Shifting your direction in 10 seconds

Jake Daghe
2 min readAug 17


Photo by M ACCELERATOR on Unsplash

If you want to become a better writer, this is an easy way to subtly but powerfully shift your train of thinking.

Every time you have a conversation with someone, you’re willingness to listen and absorb what they are saying falls somewhere on a spectrum from “I’m loving this conversation” to “I can’t wait to get away from this person.”

How you navigate that spectrum will inform how you listen, and as a result, how you grow as a writer and collector of interesting things.

When you find yourself in the middle of a conversation with someone, there are two clear phrases that can propel you towards either end of the engagement spectrum.

If you want to kill a conversation, all you need to do is keep saying, “Yes, of course.”

If you want to propel a conversation and continue to explore the nuances of what is being said, all you need to do is keep saying, “Tell me more.”

It’s that simple.

Malcolm Gladwell talks in his Masterclass about how the “yes, of course,” makes people unwilling to tell others interesting things because they don’t get the reward of sparking curiosity. He points out that the reason we tell people funny interesting stories is we want the reward of them having that look on their face and being surprised and being pleased.

It’s pride that often leads us to say “yes, of course.” Malcolm goes on to say:

“The easiest thing is for you to say, for you to tell me a story and for me to say, “Well I knew 75% of that. So what I’m going to do is I’m going to take credit for knowing all of it.” Right? That’s your ego speaking. “Oh they had this little bit of an insight that I didn’t have, but I’m going to fake it and say “Oh I knew that.”

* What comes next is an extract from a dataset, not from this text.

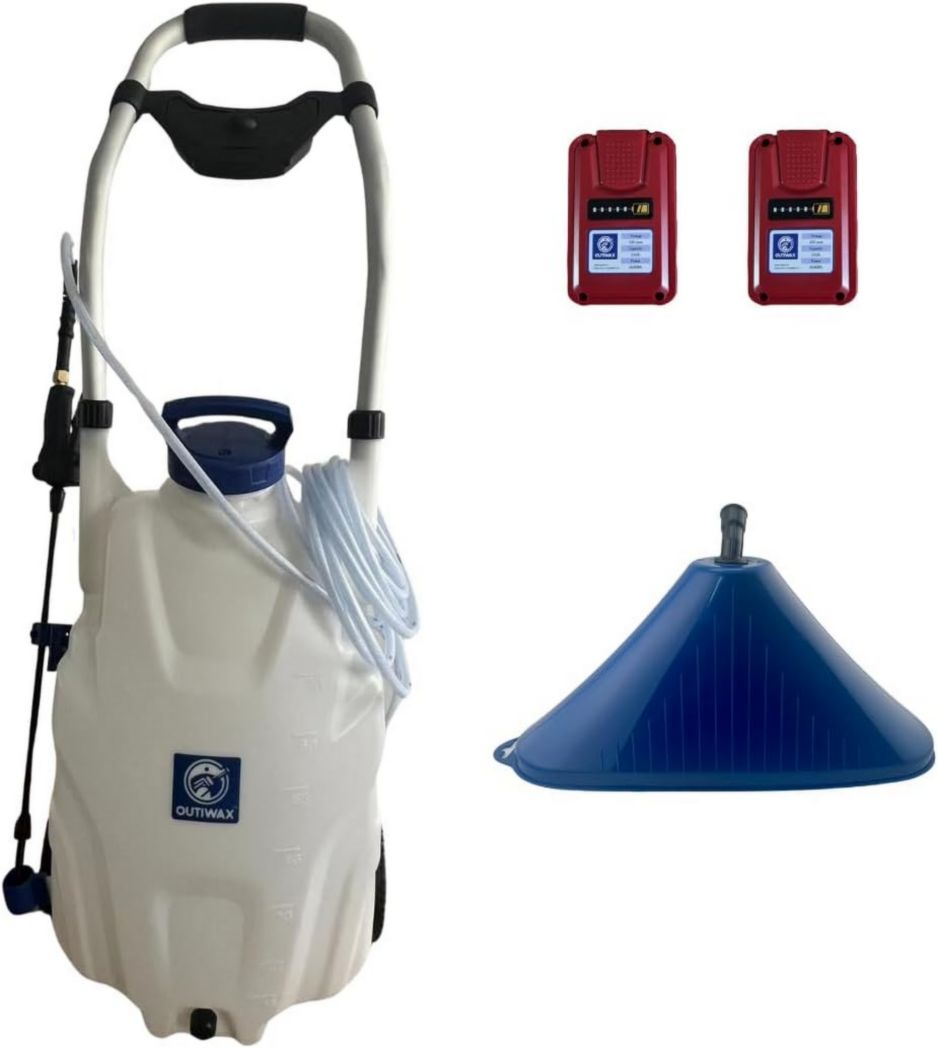 Pulverizador eléctrico OUTIWAX Pro - 2 baterías + campana pulverizadora - Alcance de pulverización de hasta 10 m a 13 m - Capacidad de 35 L - 4 boquillas de pulverización - Pulverizador eléctrico de techo de largo alcance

You have to actively work to kill that impulse whenever you are listening to someone talk or teach. Take an honest examination of what you do know and realize that if someone can add to your knowledge even 2% more, you’re gaining a valuable perspective that you didn’t have previously.

That’s why the phrase “tell me more,” is so potent. It’s soaked in humility and intrigue. It’s the key that unlocks someone to keep sharing. It’s exactly what a great writer should become well-acquainted with as he or she looks to be consistently and pleasantly surprised by the fascinating things that are truly all around us.